Background
Originally from New Zealand, Barbara Chisholm completed her Bachelor of Arts at Canterbury University College in 1939 and had previously been Senior Mistress at the Waikato Diocesan School.
Career at SCEGGS
At just 32 years of age, Miss Chisholm was appointed the third Head of School in 1947. She led the School through times of great societal change, was a great innovator and an excellent administrator.
Arriving after two decades of financial austerity she set about providing fair pay and conditions for teachers and revitalising the physical fabric of the school including:
- The Yellow Building (1951- refurbished in 2001 and renamed The Old Girls’ Building)
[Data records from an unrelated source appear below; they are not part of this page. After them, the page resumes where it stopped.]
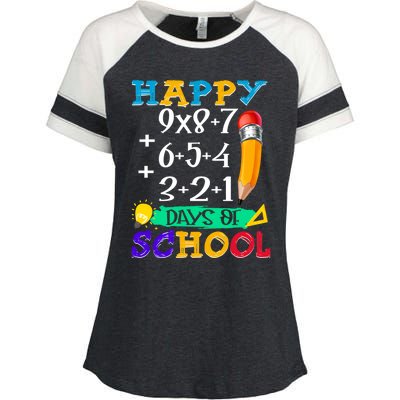 Math Formula 100 Days Of School Teacher Students Cute Gift Enza Ladies Jersey Colorblock Tee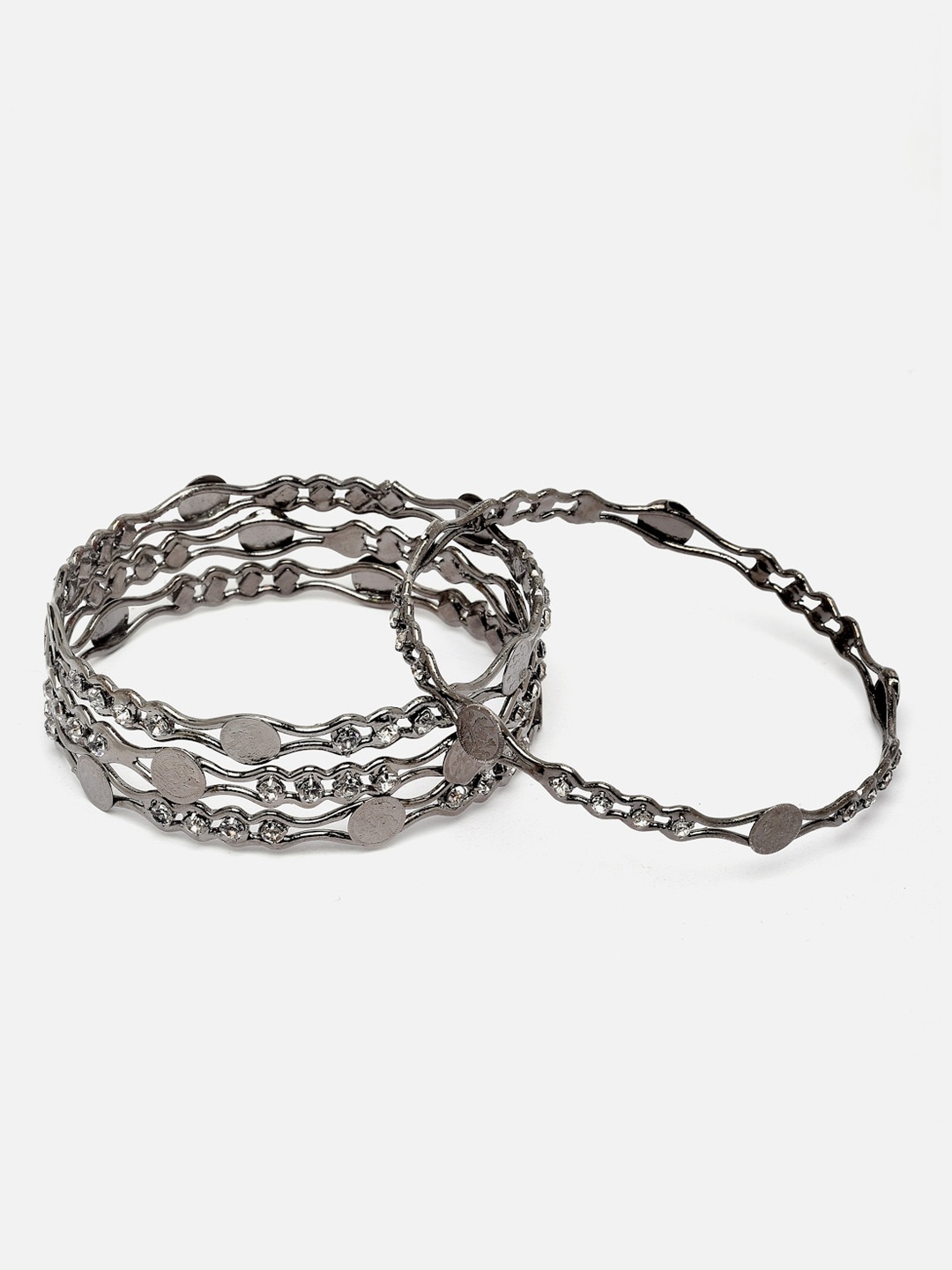

Sangria Set of 4 Silver-plated American Diamond-Studded Bangles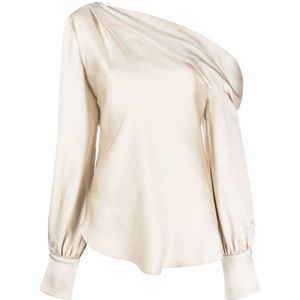 Simkhai, Dames, Blouses & Shirts, Beige, Maat: XS Satijn,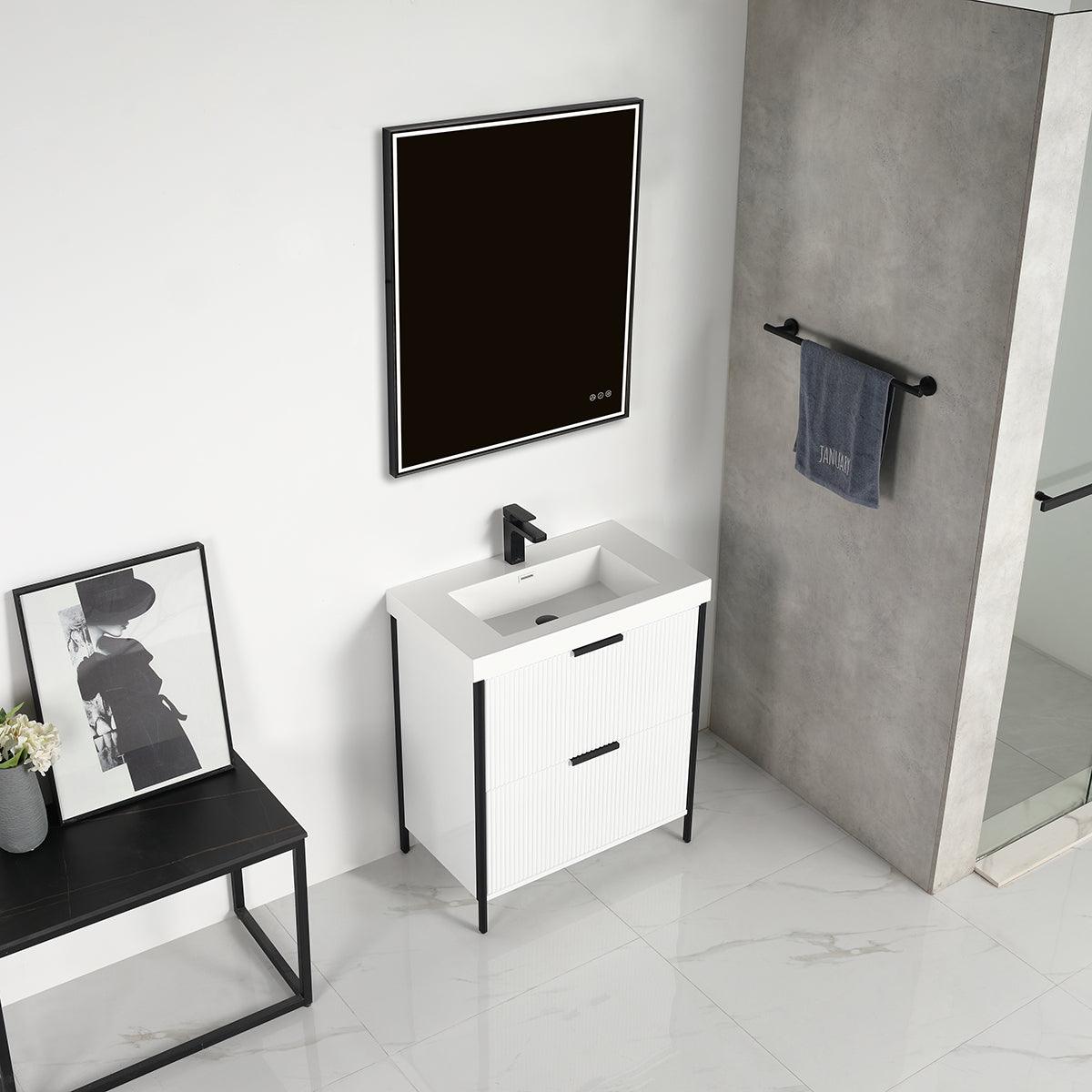 Zurich 30" Vanity – Glossy White & Metal Grey with Soft-Close Drawers & Ample Storage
- The School Swimming Pool (since demolished for the Centenary Sports Hall)
- A new Assembly Hall in 1966 (since replaced with the Joan Freeman Science and Technology Centre),
- The purchase and refurbishment of Wilkinson House as boarders’ accommodation (1962 – refurbished in 2002 as a Senior Studies Centre),
- A new Science block (1967)
- A new Library (1970).
- The purchase of the Begbie Terraces on Bourke St, Darlinghurst (1973) for the upper Primary School.
By the time she left in 1977, Miss Chisholm had also seen the school through perhaps its greatest challenge – the financial crisis and subsequent Save SCEGGS campaign of 1976 – which saw the SCEGGS community come together to raise $1.5 million to keep the doors open.
In 2008 the significant contribution of Miss Chisholm’s work was recognised with the naming of the new Primary School in her honour.
"Good examination results, which we have year after year, are pleasing, but are not the best indication that a school is good. …. It is the ability to put that knowledge to good use, to discover new things for themselves and to make a useful contribution to the community, which distinguishes the pupils of a good school."